4 Responses to "Martial Machismo: At What Cost?"

  1. Samuel  July 14, 2012 at 7:16 pm

    Chris Hedges writes:

    We condition the poor and the working class to go to war. We promise them honor, status, glory, and adventure. We promise boys they will become men. We hold these promises up against the dead-end jobs of small-town life, the financial dislocations, credit card debt, bad marriages, lack of health insurance, and dread of unemployment. The military is the call of the Sirens, the enticement that has for generations seduced young Americans working in fast food restaurants or behind the counters of Walmarts to fight and die for war profiteers and elites.

    The poor embrace the military because every other cul-de-sac in their lives breaks their spirit and their dignity. The allure of combat is a trap, a ploy, an old, dirty game of deception in which the powerful, who do not go to war, promise a mirage to those who do.

    Any story of war is a story of elites preying on the weak, the gullible, the marginal, the poor.

    It’s not about defending the country or serving our people. It’s about working for some rich guy who has his interests.

    It is not the war of the movies. It is not the glory promised by the recruiters. The mythology fed to you by the church, the press, the school, the state, and the entertainment industry is exposed as a lie. We are not a virtuous nation. God has not blessed America. Victory is not assured. And we can be as evil, even more evil, than those we oppose. War is venal, noisy, frightening, and dirty. The military is a vast bureaucratic machine fueled by hyper-masculine fantasies and arcane and mind-numbing rules. War is always about betrayal—betrayal of the young by the old, of idealists by cynics, and of soldiers and Marines by politicians.

    One female veteran of Iraq wrote: “Here we were, leaving the ribbons behind us as we sped up on our way to Hell, probably, where we would pay for the sins these magnetic decals endorsed. They did not have a clue as to what war was like, what it made people see, and what it made them do to each other. I felt as though I didn’t deserve their support, or anyone’s, for what I had done. . . . No one should ever support the people who do such things.”

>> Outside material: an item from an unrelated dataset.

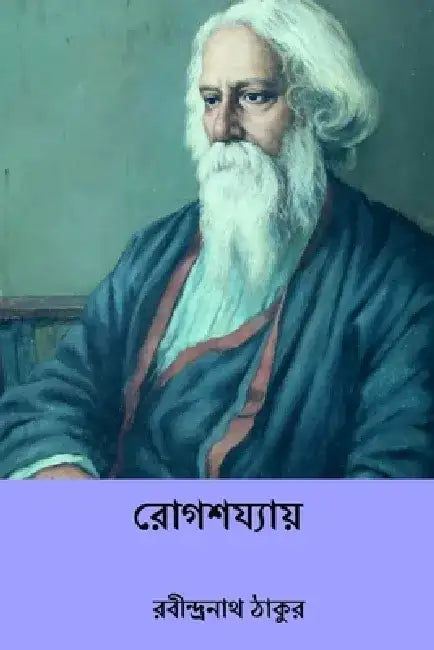 Rogshajyay by Rabindranath Tagore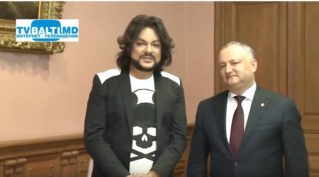 Intrevedere cu dl Filip KIRKOROV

    War is touted as the ultimate test of manhood, where the young can find out what they are made of. From a distance it seems noble. It gives us comrades and power and a chance to play a bit part in the great drama of history. It promises to give us identities as warriors, patriots, as long as we go along with the myth, the one the war-makers need to wage wars and the defense contractors need to increase their profits.

    But up close war is a soulless void. War is about barbarity, perversion, and pain. Human decency and tenderness are crushed, and people become objects to use or kill. The noise, the stench, the fear, the scenes of eviscerated bodies and bloated corpses, the cries of the wounded all combine to spin those in combat into another universe. In this moral void, naïvely blessed by secular and religious institutions at home, the hypocrisy of our social conventions, our strict adherence to moral precepts, becomes stark.

    http://www.bostonreview.net/BR37.4/chris_hedges_war_soldiers_army_military_suicides_ptsd.php

  2. John  July 13, 2012 at 9:29 pm

    Excellent lyrics, video and song in the article above. Why are we permitting the destruction of the minds of young men and women to make them to kill when we can have peace now? Also watch: Edwin Starr – War (What Is It Good For?) http://www.youtube.com/watch?v=bX7V6FAoTLc

  3. John  July 13, 2012 at 9:18 pm

    Excellent lyrics, video and song. The destruction of the minds of young men and women to make them to kill when we can have peace now. Watch: Edwin Starr – War (What Is It Good For?) http://www.youtube.com/watch?v=bX7V6FAoTLc

  4. Samuel  July 13, 2012 at 2:49 pm

    The true story is that the armies of any particular country use the myths of ethnic or national supremacy hammered into the brains of children by their mamas and papas and then by the schools. Without this foundation, machismo would be useless in making young men into truly insane killing machines for the elite.